[Misc] Add args for selecting distributed executor to benchmarks (#5335)

2024-06-07 18:20:16 -07:00 · 2024-06-07 18:20:16 -07:00 · b3376e5c76
commit b3376e5c76
parent e69ded7d1c
2 changed files with 20 additions and 3 deletions
--- a/benchmarks/benchmark_latency.py
+++ b/benchmarks/benchmark_latency.py
@ -36,7 +36,8 @@ def main(args: argparse.Namespace):
              enable_chunked_prefill=args.enable_chunked_prefill,
              download_dir=args.download_dir,
              block_size=args.block_size,
-              gpu_memory_utilization=args.gpu_memory_utilization)
+              gpu_memory_utilization=args.gpu_memory_utilization,
              distributed_executor_backend=args.distributed_executor_backend)
    sampling_params = SamplingParams(
        n=args.n,
@ -221,5 +222,12 @@ if __name__ == '__main__':
                        help='the fraction of GPU memory to be used for '
                        'the model executor, which can range from 0 to 1.'
                        'If unspecified, will use the default value of 0.9.')
    parser.add_argument(
        '--distributed-executor-backend',
        choices=['ray', 'mp'],
        default=None,
        help='Backend to use for distributed serving.
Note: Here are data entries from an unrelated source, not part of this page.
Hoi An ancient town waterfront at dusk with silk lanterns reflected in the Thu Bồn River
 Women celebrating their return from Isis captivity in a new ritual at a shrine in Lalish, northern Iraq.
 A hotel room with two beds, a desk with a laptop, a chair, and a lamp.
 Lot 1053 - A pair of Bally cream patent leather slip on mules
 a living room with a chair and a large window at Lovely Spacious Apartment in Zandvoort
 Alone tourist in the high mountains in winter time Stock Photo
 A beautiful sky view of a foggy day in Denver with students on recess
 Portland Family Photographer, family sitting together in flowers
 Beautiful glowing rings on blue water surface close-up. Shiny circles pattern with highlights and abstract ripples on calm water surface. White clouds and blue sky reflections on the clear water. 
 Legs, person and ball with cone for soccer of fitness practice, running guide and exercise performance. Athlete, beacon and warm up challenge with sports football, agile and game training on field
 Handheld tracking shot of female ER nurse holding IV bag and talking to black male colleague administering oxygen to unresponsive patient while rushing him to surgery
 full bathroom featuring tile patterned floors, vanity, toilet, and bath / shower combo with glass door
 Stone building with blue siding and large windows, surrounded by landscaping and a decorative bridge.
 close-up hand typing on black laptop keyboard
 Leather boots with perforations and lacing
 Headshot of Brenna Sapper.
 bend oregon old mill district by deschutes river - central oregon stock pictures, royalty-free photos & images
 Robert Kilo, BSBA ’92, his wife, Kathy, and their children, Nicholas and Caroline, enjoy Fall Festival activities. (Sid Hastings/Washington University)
When more than 1 GPU '
        'is used, will be automatically set to "ray" if installed '
        'or "mp" (multiprocessing) otherwise.')
    args = parser.parse_args()
    main(args)
--- a/benchmarks/benchmark_throughput.py
+++ b/benchmarks/benchmark_throughput.py
@ -78,6 +78,7 @@ def run_vllm(
    enable_prefix_caching: bool,
    enable_chunked_prefill: bool,
    max_num_batched_tokens: int,
    distributed_executor_backend: Optional[str],
    gpu_memory_utilization: float = 0.9,
    download_dir: Optional[str] = None,
 ) -> float:
@ -100,6 +101,7 @@ def run_vllm(
        download_dir=download_dir,
        enable_chunked_prefill=enable_chunked_prefill,
        max_num_batched_tokens=max_num_batched_tokens,
        distributed_executor_backend=distributed_executor_backend,
    )
    # Add the requests to the engine.
@ -225,8 +227,8 @@ def main(args: argparse.Namespace):
            args.enforce_eager, args.kv_cache_dtype,
            args.quantization_param_path, args.device,
            args.enable_prefix_caching, args.enable_chunked_prefill,
-            args.max_num_batched_tokens, args.gpu_memory_utilization,
+            args.max_num_batched_tokens, args.distributed_executor_backend,
-            args.download_dir)
+            args.gpu_memory_utilization, args.download_dir)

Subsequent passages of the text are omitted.